Firstly we cannot hide in naivity, that we simply did not know that our lifestyle impinged on others. Ethics doesn't quetion our intentions but our actions.
Secondly, even if we know what we are doing, we have have a nasty habit of obscuring the real violence of our living behind a complex web of relations
"When members of the white race enjoy every possible intellectual and material advantage on the basis of the superiority of one race and the subjection of many other races, and of the use that for centuries our race has made of both, I myself may not have harmed a single hair on the heads of Africans or indians. I may be very friendly toward them. I may be a supporter of missions. Yet I am still a member of the white race which, as a whole, has obviously used very radically the possibility of appropriation in relation to them. My share in the sin against Africa and Asia for the last hundred or fifty years may be very remote or indirect, but would Europe be what it is, and would I be what I am, if that expansion had never happened? Our ecenomic life clearly needs a whole series of delegated relations which apparently- only apparently- allow the individual to watch the struggle for life in the harmless role of the spectator, and even, it may be, in the very satisfying role of an actively critical spectator... But we cannot get away with the irresponsibility of this indirect grasping and taking. Again the law of God does not ask how close or distant our participation is" 164-65

Thirdly we do not absolve ourselves if our competing is part of a collective egoism, rather than simply an individual one. A bad action doesn't become good simply because it is done by a group. I am answerable for what my country does. Even in a difficult situation where I may oppose the country and simply look after my own family.
"The family is, of course, the mighty fortress of middle class morality which can easily unite a touching loyalty and concern for those in one's own nest with the laissez-faire of ruthless capitalism." 166
Barth has no time for socialism either, that simply opposes one collective egoism, the middle class, with another, the labour movement.
Fourthly, even as christians, acting for the gospel, our good intentions don't spare us from the command.
" Wherever there is a struggle between man and man, we are in this arena.
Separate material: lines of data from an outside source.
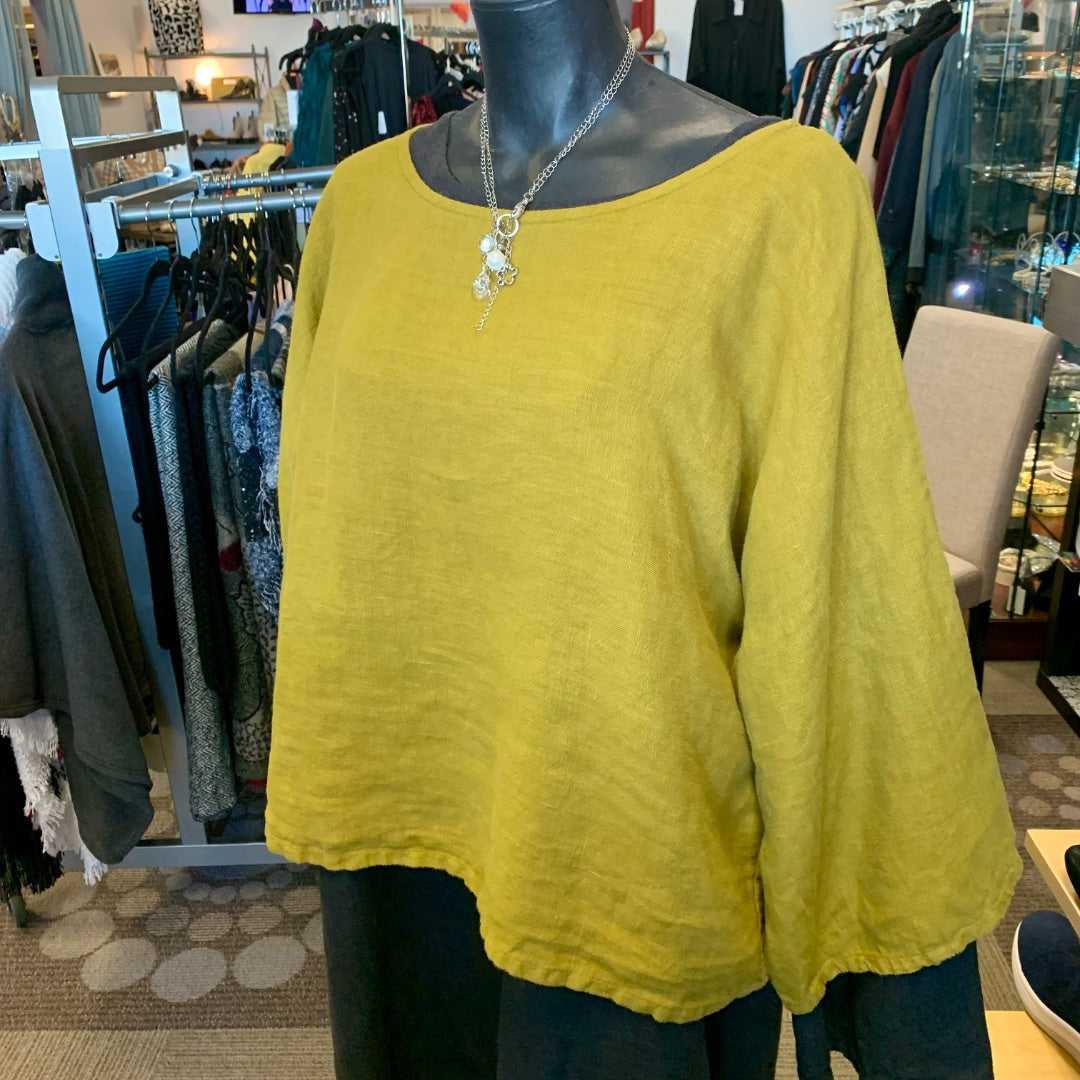 Bryn Walker, Tops, Large Ocher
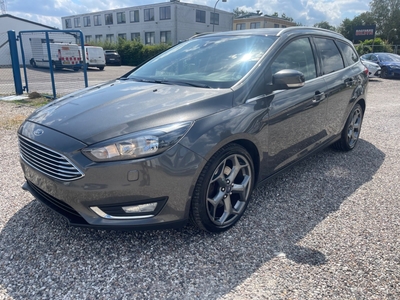 Ford Focus 2,0 TDCi 150 Titanium stc. aut. 5d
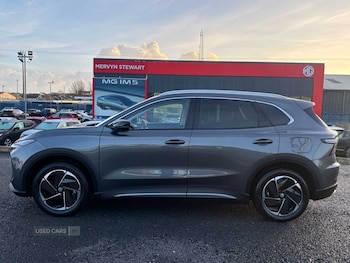 Used MG MGS5 2025 for sale - 77372232: Photo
This is not in itself forbidden. We cannot leave the arena. But it is fit that we should make only very circumspect use of the christian flag in this arena, for at the smallest step we take the danger is very great that we shall at least compromise severely the Christian name, and, in any case, Christ will triumph in spite of our Christian flagwaving and not by means of it".
Fifthly,
the fact that our existence takes place in certain generally recognized forms of tradition or rules will not absolve us.
While the rule of law is necessary, even good, we should be careful of over estimating things like the concept of personal property. His general point is that legal landholders can be, and indeed are often, the worst theives of all. The only way you are an ethical owner is because God has given you the land, and he may well give it to someone else. Again, the division of labour,a necessary thing so that all tasks are done, doesn't absolve the more privelleged from listening to the complaints of those under them.
Nor will any principle of recompense do, where I can claim that I have what I have due to being better and behaving more dilligently. Barth has a crack at puritans and America
"what still seems to be overlooked by the great majority of American- and not just American- Christians today, is that a morality which has practical success as its reward could finally be one which also makes this reward its goal.... We might well have been all the more guilty of cruelty and injustice in putting others under the wheels on which we so merrily rolled, even though we did smear those wheels with the oil of morality and Christianity" 170

And finally Barth turns to technology, which at first glance (to Barth) seems to have nothing to do with our struggle with others.
"Even the finest inventions become really interesting only when industry, and through industry the banks, become interested in them... not to mention the fact that the last war made it clear to us that the wonderful world of human technology can in an instant, if need be, transformed into a veritable hell of instruments of slaughter" 171

Nor is the ivory tower of scholarship, even philosophy and theology, breathing clean air in this respect.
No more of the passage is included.